Five years on, the Delhi Assembly polls, a week away, weighed on its mind as it promised new tax slabs to benefit the middle class. While Opposition Congress and Trinamool Congress released data to dispute the claim that it will lead to any savings for the salaried class, the announcement made BJP MPS from Delhi happy. Those from the Hindi heartland said they were unsure about the message they would take back to their constituencies.
There were concerns about subsidies on food and fertiliser being reduced, as also dwindling budgetary allocations towards the Mahatma Gandhi National Rural Employment Guarantee Scheme (MNREGS). Opposition MPS pointed out the government had failed to spend last year’s allocation for the PM Kisan Samman Nidhi Yojana (PM-KISAN).
The Janata Dal (United), a BJP ally which faces an Assembly polls in less than nine months in Bihar, was more forthright in its criticism. It issued a statement that said “more could have been done to tackle the ongoing farmers’ and rural distress”. The Trinamool Congress’s Derek O’brien said it was puzzling Sitharaman, given the poor agriculture growth rate, has stuck to the deadline of doubling farmers’ income by 2022.

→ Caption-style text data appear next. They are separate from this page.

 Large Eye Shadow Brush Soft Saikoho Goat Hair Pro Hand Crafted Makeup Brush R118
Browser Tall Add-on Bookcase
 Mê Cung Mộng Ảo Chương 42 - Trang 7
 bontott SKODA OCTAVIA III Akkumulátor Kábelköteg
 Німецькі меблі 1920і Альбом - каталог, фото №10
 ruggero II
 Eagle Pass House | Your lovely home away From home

The 2020 Budget is important, as was the 2015 — these were the first full Budgets of the respective new governments presented in a year with the fewest Assembly polls, just two, and the government was expected to show the courage to take up reforms and new schemes. It couldn’t in 2015, and it hasn’t in 2020.

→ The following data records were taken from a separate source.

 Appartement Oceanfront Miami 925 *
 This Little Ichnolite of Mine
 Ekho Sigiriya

If in the 2015 Budget, the then finance minister, Arun Jaitley, announced reining in of inflation as its highlight, ruling party MPS struggled to find any assurance from Sitharaman on checking price rise at a time when CPI inflation is over 7 per cent and food inflation is over 10 per cent.
The government is also set to face challenges in disinvesting LIC and other public sector undertakings not just from Opposition parties, but also from within the Rashtriya Swayamsevak Sangh (RSS). “We strongly oppose the government's proposal to sell a portion of its holding in LIC,” All-india Life Insurance Employees Federation General Secretary Rajesh Nimbalkar said.

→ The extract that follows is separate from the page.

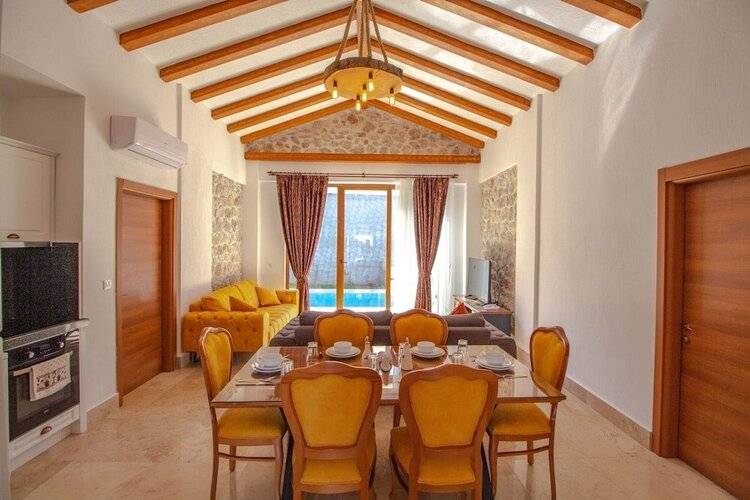 Zehra Villas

Senior Congress leader P Chidambaram termed it “panic privatisation” to plug revenue shortfalls. Other Opposition leaders said the plan to sell off LIC was a pretext to compensate the states, akin to the Centre dumping the
burden of economic slowdown and demonetisation on states.
They pointed out states' share of tax revenue was 19 per cent lower than the projections made last year. In 2020-21, the FM plans to share even less than what she projected last year. Clearly, relations between the Centre and states are set to get strained further.
The Swadeshi Jagran Manch, an RSS affiliate, opposed the announcement that the government will encourage foreign direct investment (FDI) in education, saying it is a “bad idea” and will lead to “westernisation” of education. The Laghu Udyog Bharati, another RSS affiliate, welcomed creation of ~1,000-crore fund to promote exports of MSME products.
The BJP’S core supporters, however, exulted on social media at the proposed setting up of an Indian Institute of Heritage and Conservation. “Five archaeological sites in Haryana, Uttar Pradesh, Assam, Gujarat, and Tamil Nadu would be developed with on-site
museums,” she said. All these states are either Bjp-ruled, or in the case of Tamil Nadu, by its ally AIADMK.
Ministers congratulated the FM for increased budgetary allocations for the Union Territory of Jammu and Kashmir. Chidambaram said: “Money is no substitute for democratic freedom”.
In an interesting claim during her speech, the finance minister said the words from the Indus script, which are all hieroglyphics, had been deciphered, and how entrepreneurial spirit is age old. She also termed the Indus Valley Civilisation as “Saraswati Sindhu civilisation”, which drew a sharp reaction from DMK chief MK Stalin.
He said the Budget is more of a cultural imposition. “The BJP government, which is keen on Hindi imposition in anything... has called the Indus Valley Civilisation 'Saraswathi Sindhu Civilisation in the Budget,” Stalin said in a statement. “This Budget is of no use to Tamil Nadu and the Tamil people,” he said.